Speaking of other people's judgement.. lately, I've been close with a new found friend. He's a good conversationalist. In fact, I've never ever met any guy as insightful as him. I may not be of agreement to everything he says.. but I learn a lot from his opinions and philosphies. It's not everyday that you get to hear the soft spot of men. I've found myself a new "buddy". Believe me, this is purely platonic. The thing however is that when he get's too insightful, it scares me. He seems to have a keen sense of reading people. Somehow I feel like he knows me all too well though he barely knows me. He has just heard a few of my issues and my stories.. much much less than the stuff I've written here in my blog. I didn't know anyone could possibly be capable of that. No one wants to be read. Now Im starting to think that maybe I just let myself out there.. a little too available for people to read, I guess. But thats not how its supposed to be! Is it me? Or does he have some sort of "gift"? WYSIWYG is not my thing. Don't get me wrong, I enjoy talking to him. I'm just a bit worried on how I come across to people.
I need some reformatting or something. Oh God help me.
Eversince this year started, I've been dreading Valentines Day. The absence of anyone special to share it with while others take joy in spending the night with dates, gifts, and sweets has been the thought that has lingered in my head all this time. I entered the school campus and with every few steps I took I'd bump onto someone with a bouquet of flowers. Every so often, I'd see guys trying to find the girls they'd give their flowers to, and girls stamped with cheesy smiles while they hold on to roses and tulips. And once in a while, I'd also see girls rolling their eyes as they see those mushy people... and I soon find myself being one of them.

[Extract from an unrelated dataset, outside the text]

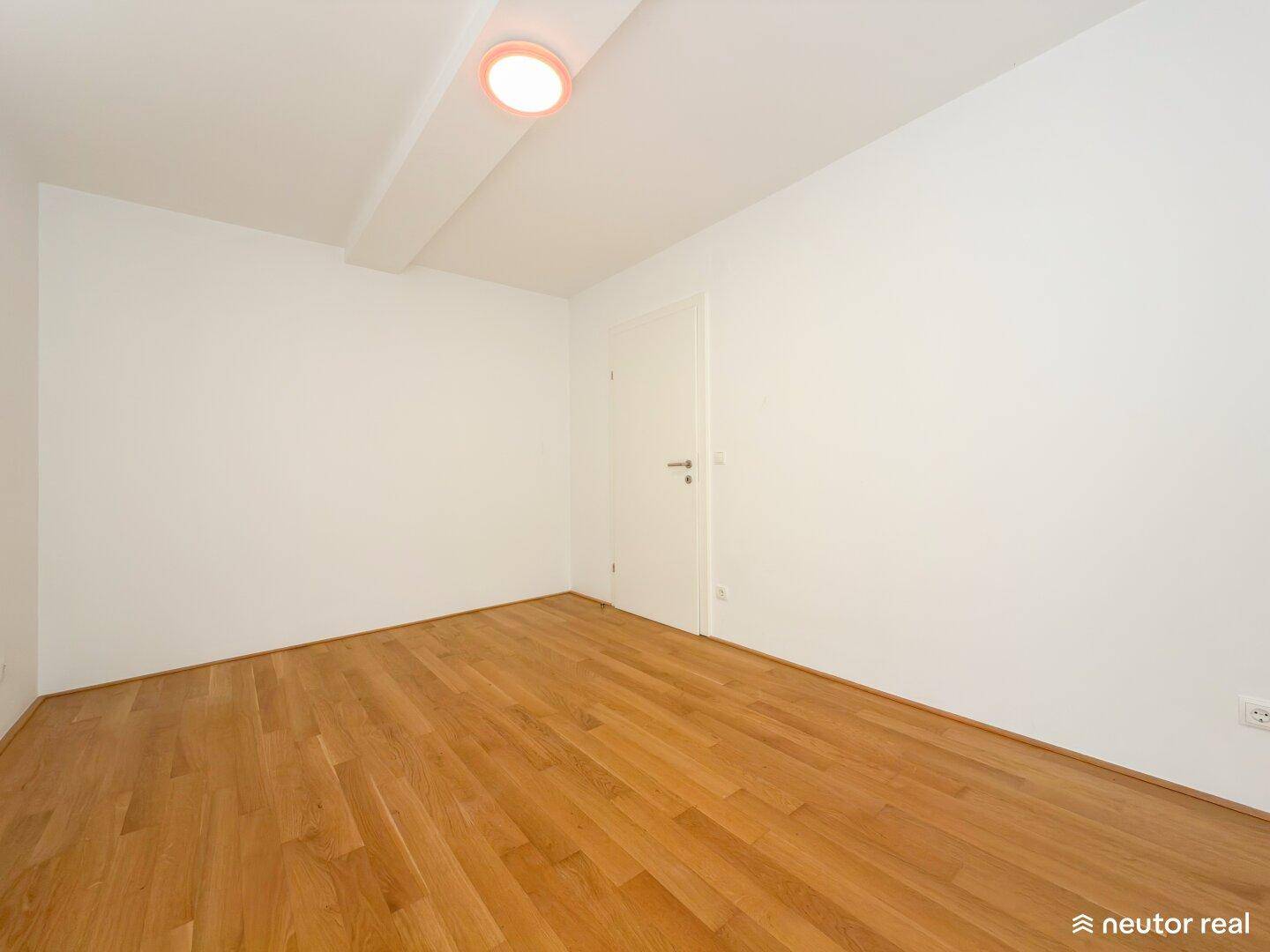 Schlichtes, helles Zimmer mit Holzboden und weiß gestrichenen Wänden, bereit zum Einrichten.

Bitter as it may seem, its not for me to celebrate. My friends would say today is actually Singles Awareness Day. But for me, it had been each passing day since God knows when. I have nothing to be aware of. I am pretty much reminded of my "singleness" as often as men think about sex. Haha, I just don't need this day. I know I will.. just not today.
I know I sound all pessimistic, but surprisingly, my day went well except for the parts where I was amidst all the cheesiness, and when I took a quiz in my law class. Nonetheless, I did good stuff today. And there were friends who gave me some lovin'. So today is like any ordinary day with a little love and surprises.
Looking on the bright side:
- I did a huge favor for a friend today. He badly needed his external hard drive which he left at home, it was for his project due today, so I drove up to his place to pick it up and bring it to school. He was truly grateful and it made me feel really good despite ofcourse the pressures of the day. He even texted me saying that it has been a happy day for him.. and added "thanks to you" :)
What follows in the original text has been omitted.